Task instructions: With the pictures left aside, write out exactly the lines of the listing below from the line with "2017 INFINITI QX30 Premium" to the line with "Coffee/tea facilities in Rocklea Hotel", both included, and only those.

Given entries:
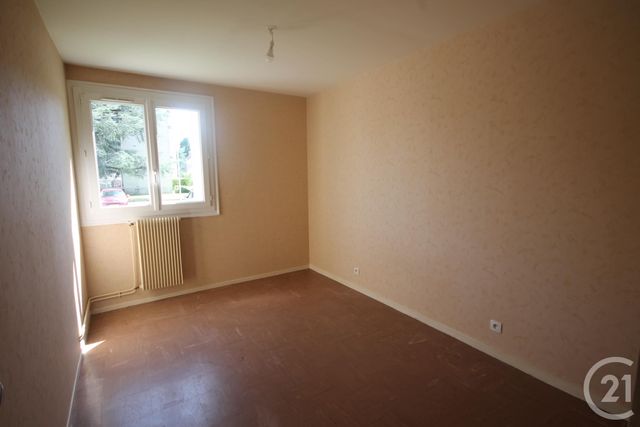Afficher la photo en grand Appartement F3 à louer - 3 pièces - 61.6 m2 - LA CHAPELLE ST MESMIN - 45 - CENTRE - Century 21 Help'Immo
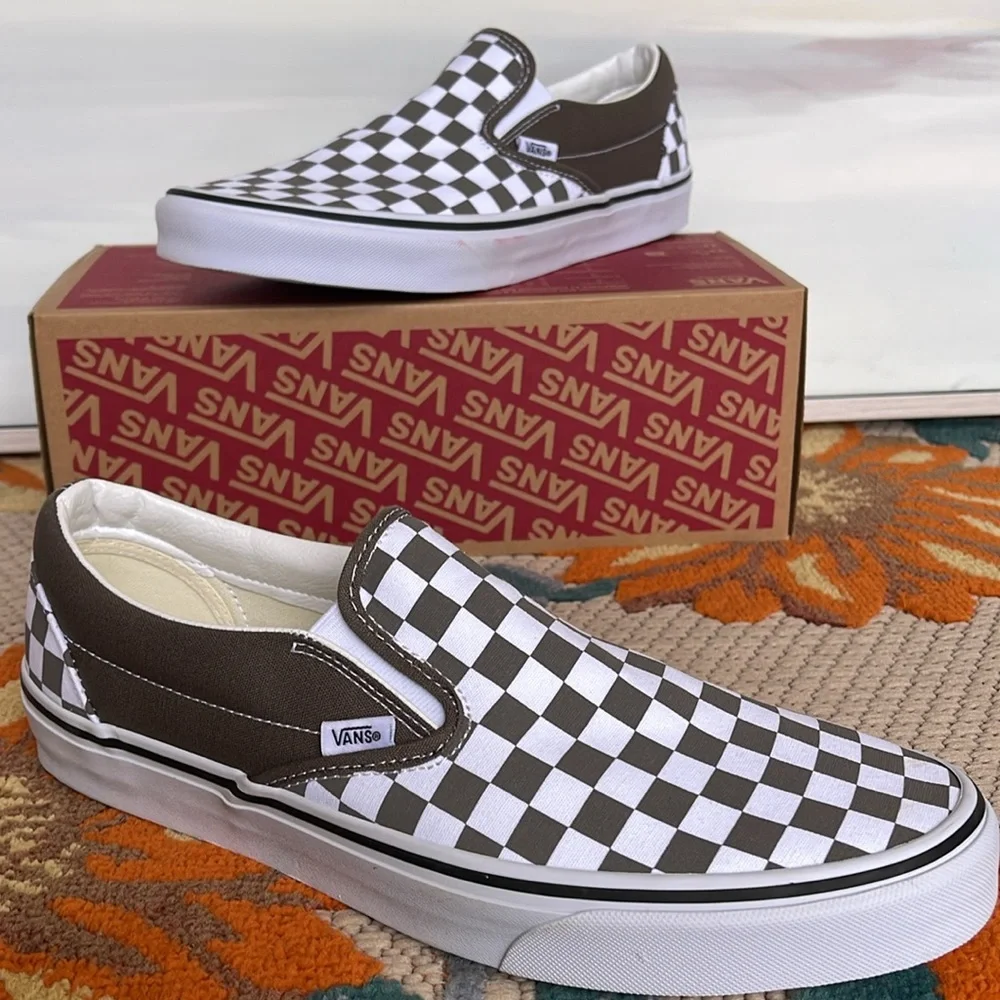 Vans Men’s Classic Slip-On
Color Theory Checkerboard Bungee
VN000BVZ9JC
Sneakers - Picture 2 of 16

...

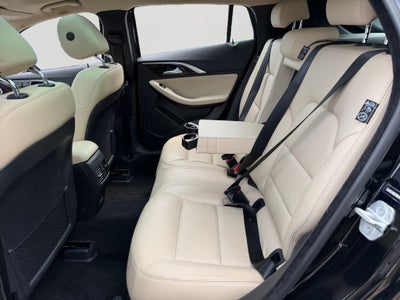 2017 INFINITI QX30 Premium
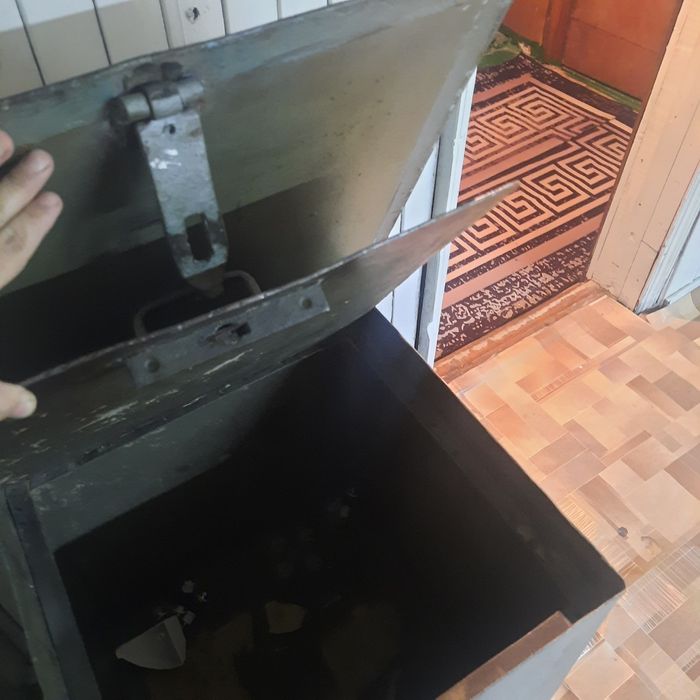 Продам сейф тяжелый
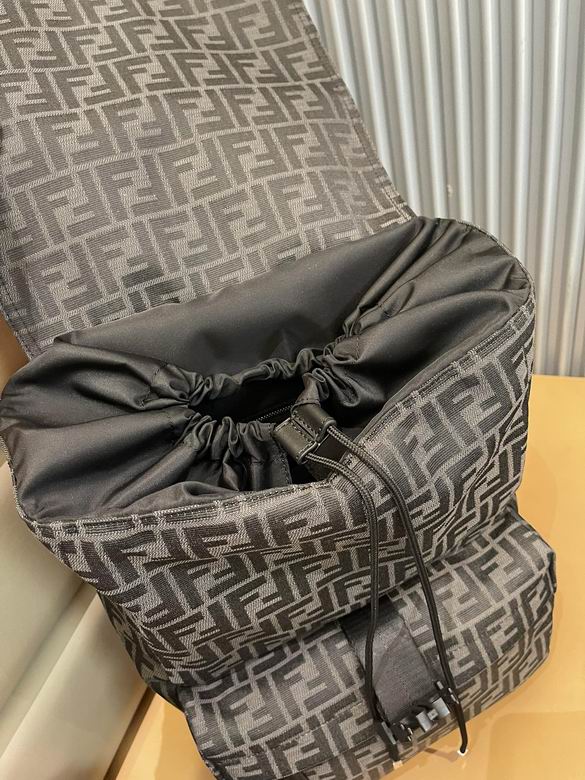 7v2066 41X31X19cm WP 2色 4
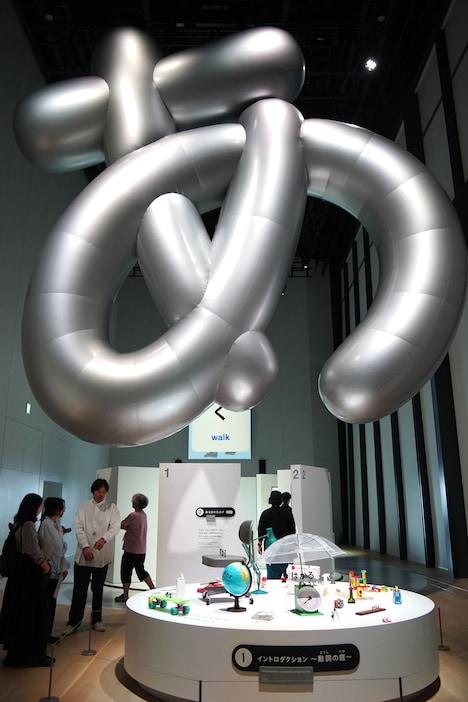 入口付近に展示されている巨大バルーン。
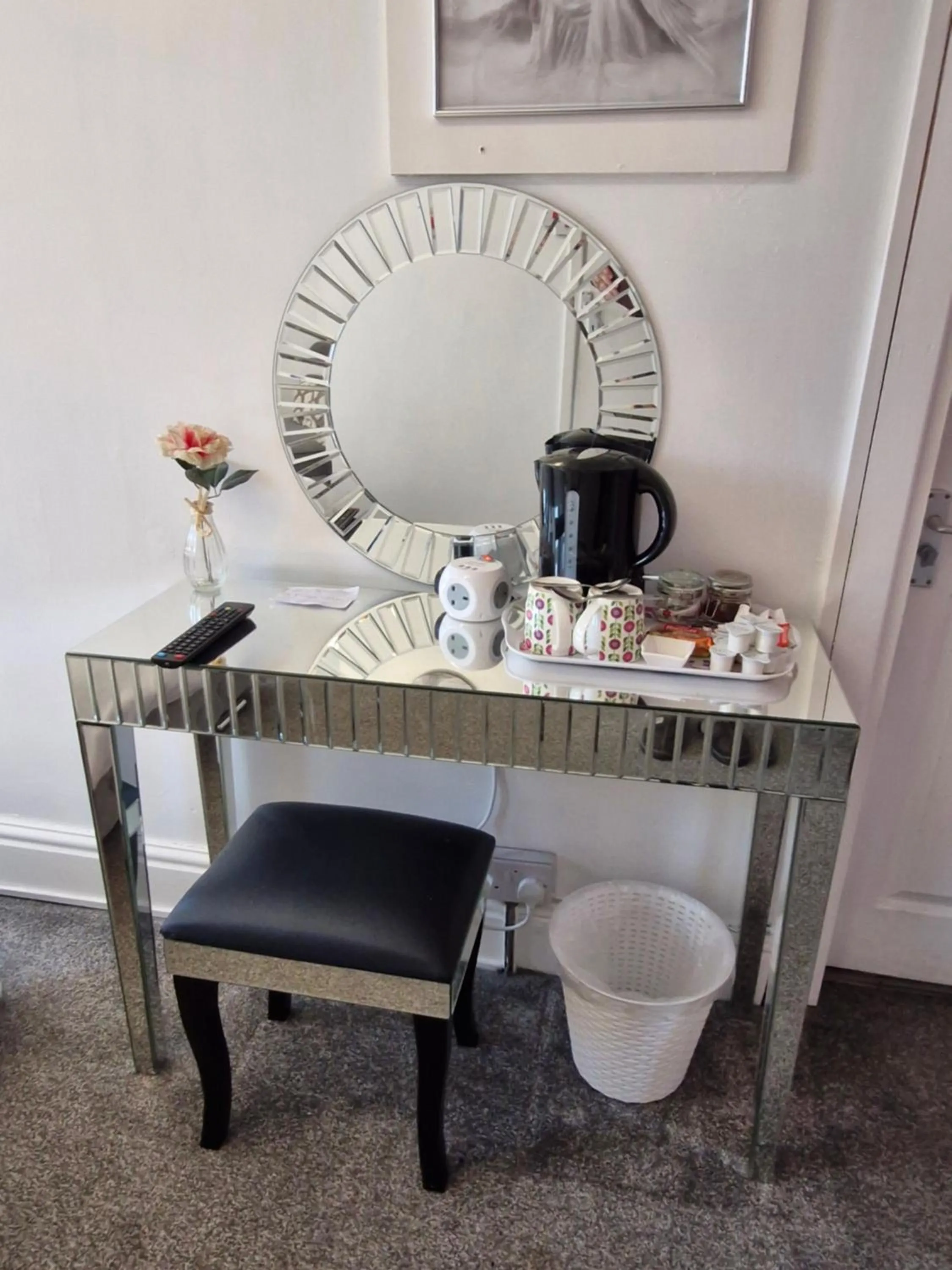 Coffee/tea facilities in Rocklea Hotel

Your response:
 2017 INFINITI QX30 Premium
 Продам сейф тяжелый
 7v2066 41X31X19cm WP 2色 4
 入口付近に展示されている巨大バルーン。
 Coffee/tea facilities in Rocklea Hotel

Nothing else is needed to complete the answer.